(Entries taken from a collection)
Start of Block
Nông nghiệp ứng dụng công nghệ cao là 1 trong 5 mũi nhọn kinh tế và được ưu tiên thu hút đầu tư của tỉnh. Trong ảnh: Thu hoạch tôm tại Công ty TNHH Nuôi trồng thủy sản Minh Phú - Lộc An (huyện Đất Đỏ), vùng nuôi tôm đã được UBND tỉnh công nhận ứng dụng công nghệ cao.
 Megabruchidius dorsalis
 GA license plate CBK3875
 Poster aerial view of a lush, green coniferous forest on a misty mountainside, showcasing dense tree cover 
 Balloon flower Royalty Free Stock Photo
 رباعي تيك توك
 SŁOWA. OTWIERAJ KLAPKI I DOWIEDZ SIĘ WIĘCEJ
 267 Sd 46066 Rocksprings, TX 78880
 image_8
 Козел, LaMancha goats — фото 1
End of Block
ACTION ITEM | Set down the records once more, character for character.

ANSWER TO THIS PROBLEM |
Nông nghiệp ứng dụng công nghệ cao là 1 trong 5 mũi nhọn kinh tế và được ưu tiên thu hút đầu tư của tỉnh. Trong ảnh: Thu hoạch tôm tại Công ty TNHH Nuôi trồng thủy sản Minh Phú - Lộc An (huyện Đất Đỏ), vùng nuôi tôm đã được UBND tỉnh công nhận ứng dụng công nghệ cao.
 Megabruchidius dorsalis
 GA license plate CBK3875
 Poster aerial view of a lush, green coniferous forest on a misty mountainside, showcasing dense tree cover 
 Balloon flower Royalty Free Stock Photo
 رباعي تيك توك
 SŁOWA. OTWIERAJ KLAPKI I DOWIEDZ SIĘ WIĘCEJ
 267 Sd 46066 Rocksprings, TX 78880
 image_8
 Козел, LaMancha goats — фото 1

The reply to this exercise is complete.